Para aferição da urgência de tutela, da lesão e do direito fundamental ameaçado, só relevam as alegações do Requerente quanto à sua esfera jurídica.
Neste contexto, o Requerente alega, em especial, que “se há cidadãos que podem esperar 2, 3, 5 ou até 10 anos pela concessão de uma nacionalidade, este não é o caso do requerente, a quem tem sido violado o direito à cidadania e outros conexos, conforme amplamente demonstrado e não é porque há ilegalidades e violações de direitos por parte da administração pública que esta pode continuar em violação, para garantir que todos os cidadãos tenham os seus direitos violados de forma igual; sem a nacionalidade portuguesa não pode entrar e circular livremente na União Europeia, é o requerente que vê impedido o seu direito de reunião familiar com uma filha que mora fora, é o requerente que não pode deslocar-se a Europa, mesmo tendo direito à uma nacionalidade europeia e o requerente não é pessoa nova, tem 70 anos e não terá assim tantos anos para fruir do direito à cidadania, muito menos fazer longas viagens aéreas e correr riscos, sobretudo em um contexto de pandemia, em que é classificado como idade de risco e, assim, demonstrada a necessidade de assegurar o exercício do direito à cidadania e aos demais direitos a este reconduzível, em tempo útil, o procedimento deveria ser sempre considerado urgente. Finalmente, alega o Requerente que, com a presente intimação pretende-se assegurar em tempo útil (enquanto o autor tenha saúde para se deslocar) o exercício do direito à cidadania e identidade pessoal, que estende- se, sem grande dificuldade, a outros direitos, liberdades e garantias, ou a outros direitos subjetivos fundamentais análogos, por força da especial ligação do direito à identidade pessoal ao valor da dignidade da pessoa humana e, neste caso, ao direito fundamental a família, de deslocação e emigração, todos previstos na CRP, sendo incontestável que tal fruição de direito passa pela integração do registo do nascimento no registo civil português, através da Lavratura do Assento Português do requerente pelo IRN, o que não se coaduna com o requerimento de uma providência cautelar, pelo que dúvidas não há de que estão preenchidos todos os requisitos para lançar mão da presente ação de intimação.
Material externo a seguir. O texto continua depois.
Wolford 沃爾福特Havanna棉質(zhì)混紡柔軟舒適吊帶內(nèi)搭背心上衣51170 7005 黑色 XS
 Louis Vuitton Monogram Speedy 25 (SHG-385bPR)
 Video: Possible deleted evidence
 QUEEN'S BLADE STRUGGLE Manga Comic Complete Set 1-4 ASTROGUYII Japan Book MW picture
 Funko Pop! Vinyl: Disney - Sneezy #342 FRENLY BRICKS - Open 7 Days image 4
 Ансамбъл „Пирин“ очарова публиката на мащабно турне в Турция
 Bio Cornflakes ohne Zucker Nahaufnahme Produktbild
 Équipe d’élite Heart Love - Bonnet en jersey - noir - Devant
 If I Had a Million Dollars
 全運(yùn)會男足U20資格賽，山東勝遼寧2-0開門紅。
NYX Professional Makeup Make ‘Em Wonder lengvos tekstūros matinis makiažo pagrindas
Alega, no fundo que a lesão decorrente da não atribuição da nacionalidade por parte do Requerido é fortemente lesiva, causando, aliás, lesões nos direitos conexos e relacionados com o exercício da nacionalidade portuguesa, direito à identidade pessoal ao valor da dignidade da pessoa humana e, neste caso, ao direito fundamental a família, de deslocação e emigração, designadamente no que concerne às prerrogativas da cidadania europeia.
Ora, na verdade, o Autor alega factos plausíveis, atendíveis e concretos da sua vida real que justificam a especial urgência no processamento do registo atributivo da nacionalidade, sem o qual não poderá exercer todos os direitos conexos associados à cidadania português e europeia, incluindo para efeitos de livre circulação, deslocação, estadia, residência e livre reunião familiar com a sua filha, residente na Holanda, a qual não vê há um cerca de um ano (devido à comprovada restrição de viagens para este país, cf. probatório), sendo neste momento premente e urgente que lhe seja atribuída nacionalidade portuguesa, da qual resulta a cidadania europeia, especialmente devido às fortes restrições existentes às viagens para a União Europeia de cidadãos estrangeiros especialmente impostas pela pandemia, sendo certo que se provou que neste momento o Requerente não pode entrar na Holanda por ser cidadão estrangeiro e não da EU, sendo oriundo do Brasil, nem sequer para visitar a família, mesmo vacinado, com teste e quarentena.
Por outro lado, e quanto à subsidiariedade da intimação, diga-se que também é verdade que a tutela requerida só é passível de uma decisão de mérito definitiva e não com a tutela cautelar, pois não é possível conceder provisoriamente o registo atributivo da nacionalidade, por falta do requisito legal da provisoriedade, sob pena de se esgotarem os efeitos da acção principal.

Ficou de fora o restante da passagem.